In the copy, keep every word of the data below and none of its pictures.
---------- Dataset records
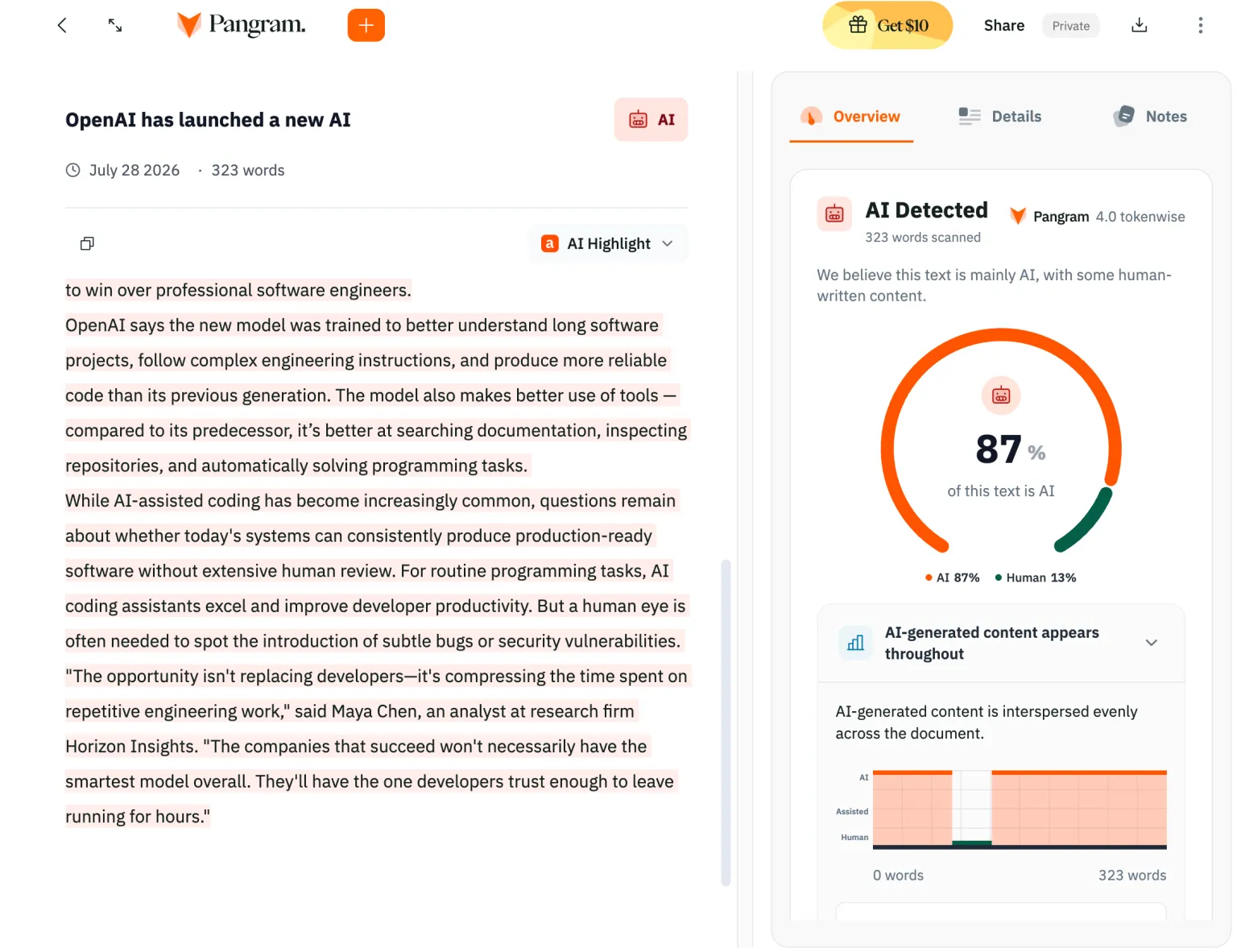 Pangram's AI detector.&nbsp;Image Credits:Pangram/TechCrunch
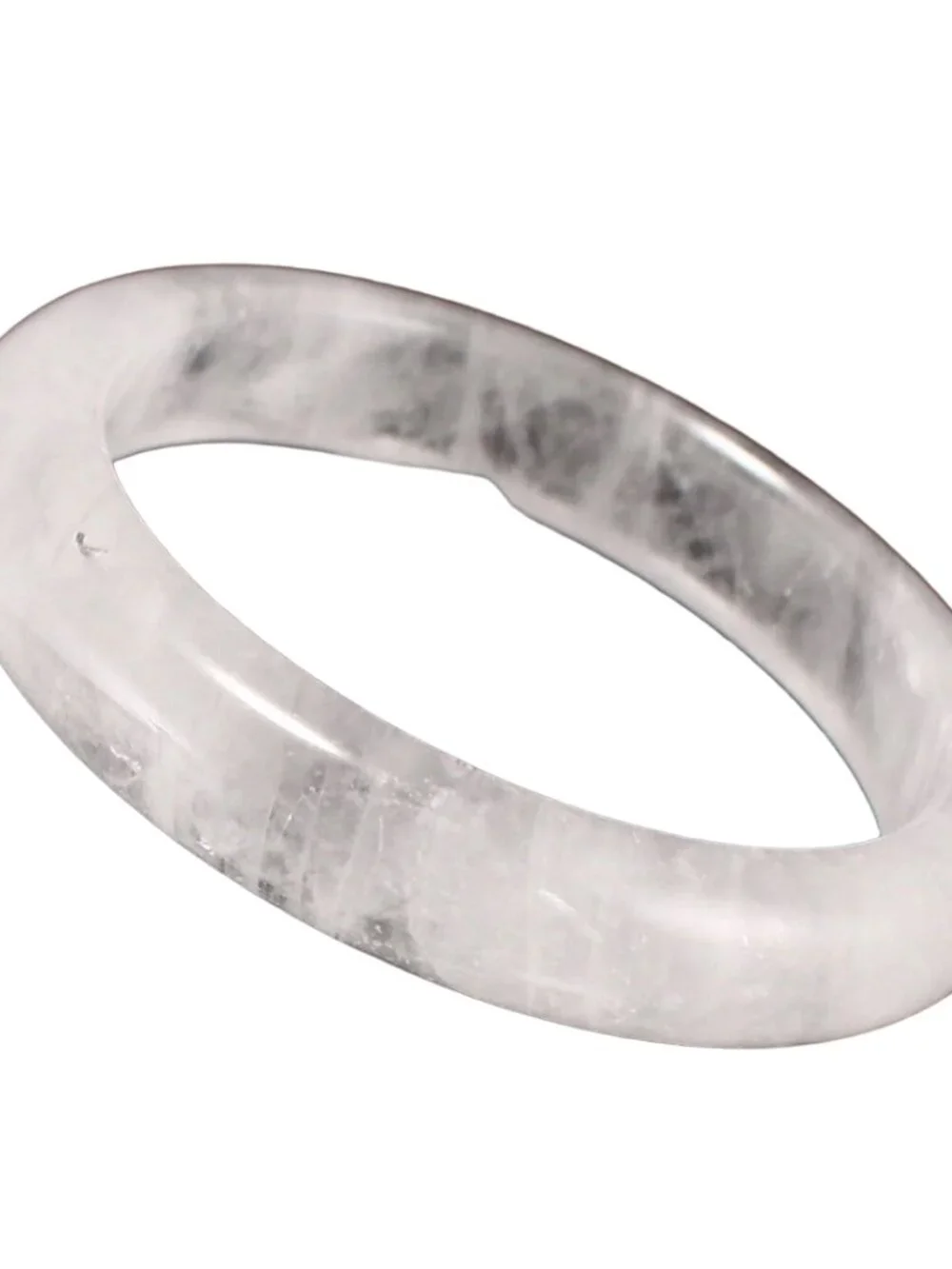 Natural Clear Quartz Bangle Bracelet 51.6g 59mm ID Rock Crystal Gemstone Ring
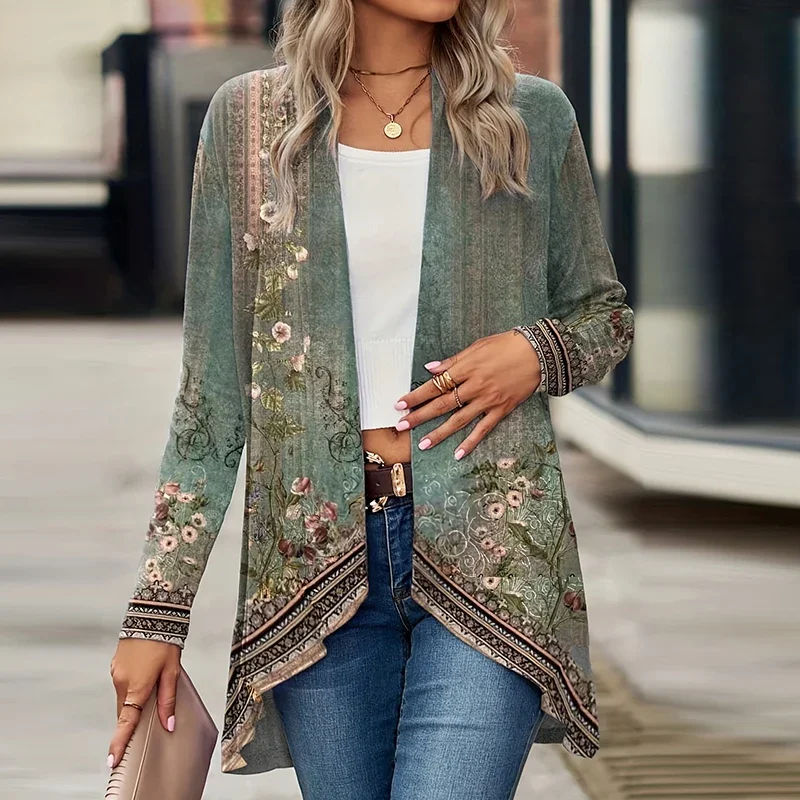 Elegant Cardigan For Women's Coats Fashion Women Jacket Turn Down Collar Vintage Print Jackets For Women Casual Loose Thin Tops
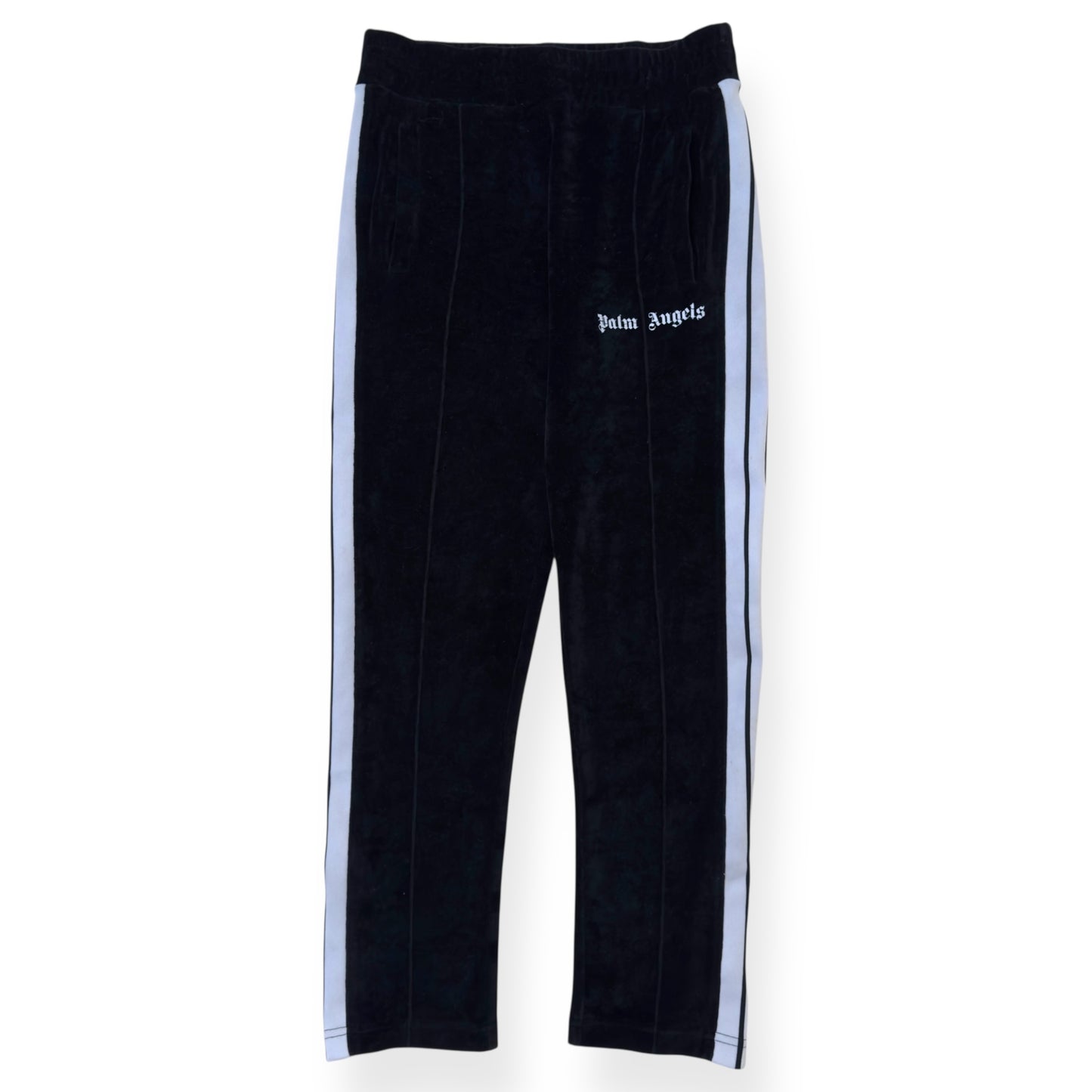 PALM ANGELS VELOUR TRACK PANTS BLACK / WHITE M
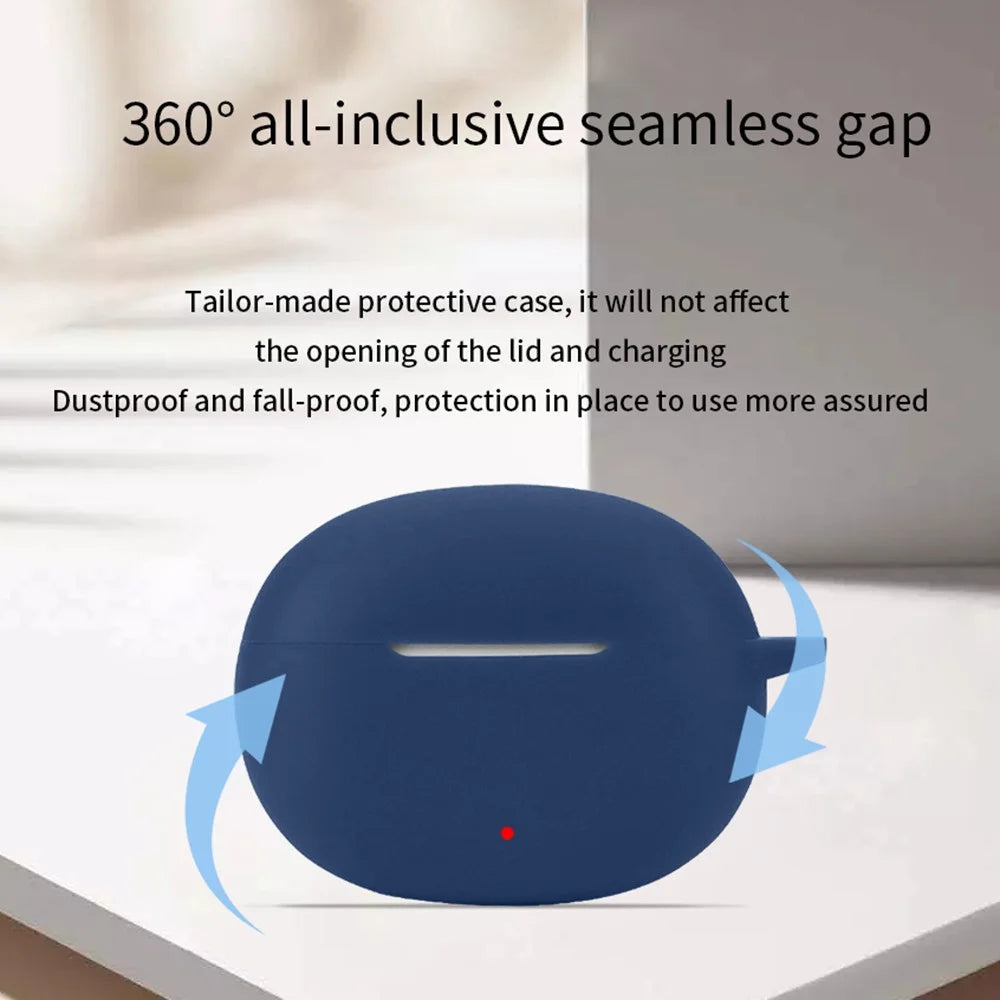 For Honor LCHSE X5s Wireless Headphone Silicone Sleeve Drop Protection Cover Case with Hanging Buckle - Dark Blue - 6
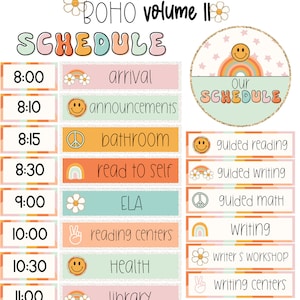 Horario de clases de Groovy Boho Volumen II [editable]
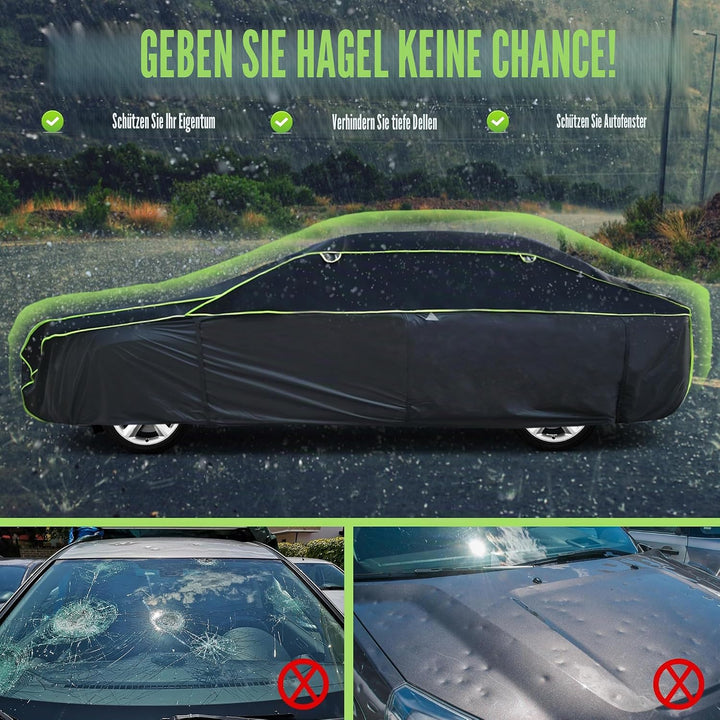 Cowtcver Hagelschutzplane Auto Autoabdeckung, PKW Hagelschutzgarage mit Separater Sonnenblende, Abde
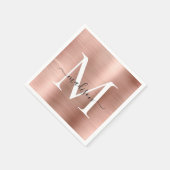 Glam Rose Gold Sparkle Monogram Script metallisch Serviette (Ecke)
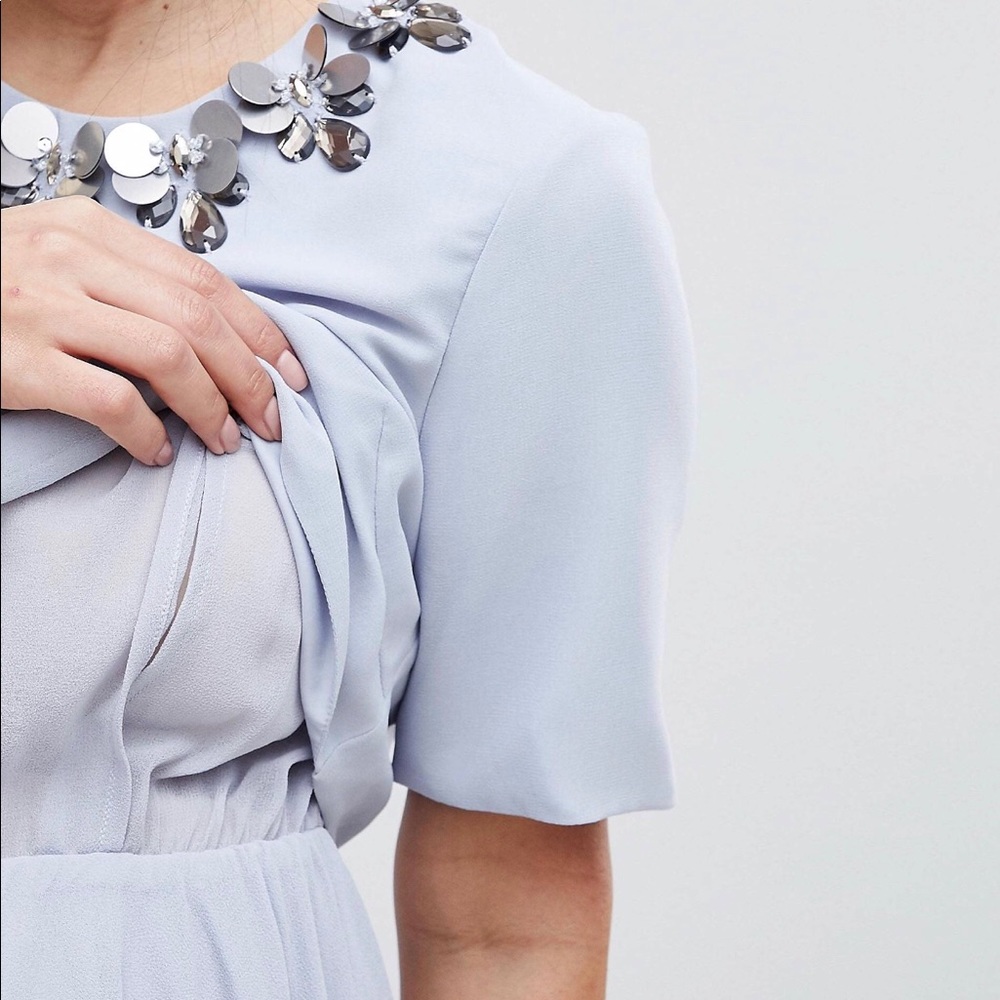 Maternity 3D embellished crop top skater dress - Picture 3 of 5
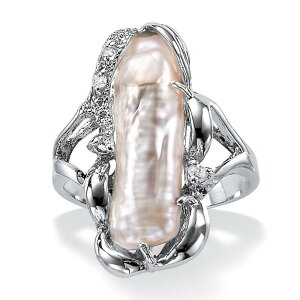 �p�[���r�[�`�W���G���[ ���f�B�[�X �A�N�Z�T���[ �����O PalmBeach Jewelry Cultured Freshwater Pearl White Topaz Accented Ring .925 Sterling Silver �V���o�[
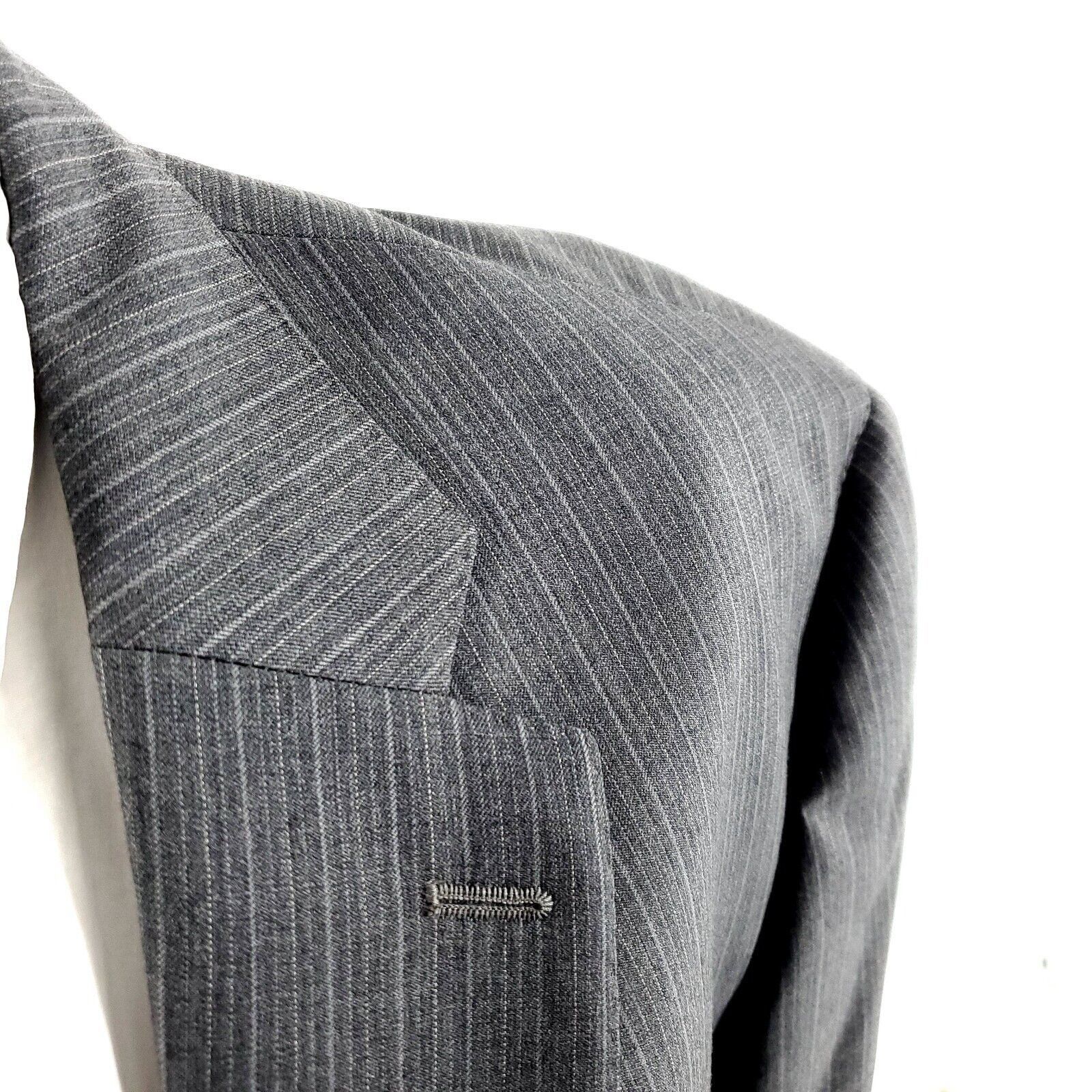 Peter Millar Peter Millar Wool 2 Button Suit Jacket 48L Gray Striped Size 48L - 2 Thumbnail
--------------------
#### Finished task:
 Pangram's AI detector.&nbsp;Image Credits:Pangram/TechCrunch
 Natural Clear Quartz Bangle Bracelet 51.6g 59mm ID Rock Crystal Gemstone Ring
 Elegant Cardigan For Women's Coats Fashion Women Jacket Turn Down Collar Vintage Print Jackets For Women Casual Loose Thin Tops
 PALM ANGELS VELOUR TRACK PANTS BLACK / WHITE M
 For Honor LCHSE X5s Wireless Headphone Silicone Sleeve Drop Protection Cover Case with Hanging Buckle - Dark Blue - 6
 Horario de clases de Groovy Boho Volumen II [editable]
 Cowtcver Hagelschutzplane Auto Autoabdeckung, PKW Hagelschutzgarage mit Separater Sonnenblende, Abde
 Glam Rose Gold Sparkle Monogram Script metallisch Serviette (Ecke)
 Maternity 3D embellished crop top skater dress - Picture 3 of 5
 �p�[���r�[�`�W���G���[ ���f�B�[�X �A�N�Z�T���[ �����O PalmBeach Jewelry Cultured Freshwater Pearl White Topaz Accented Ring .925 Sterling Silver �V���o�[
 Peter Millar Peter Millar Wool 2 Button Suit Jacket 48L Gray Striped Size 48L - 2 Thumbnail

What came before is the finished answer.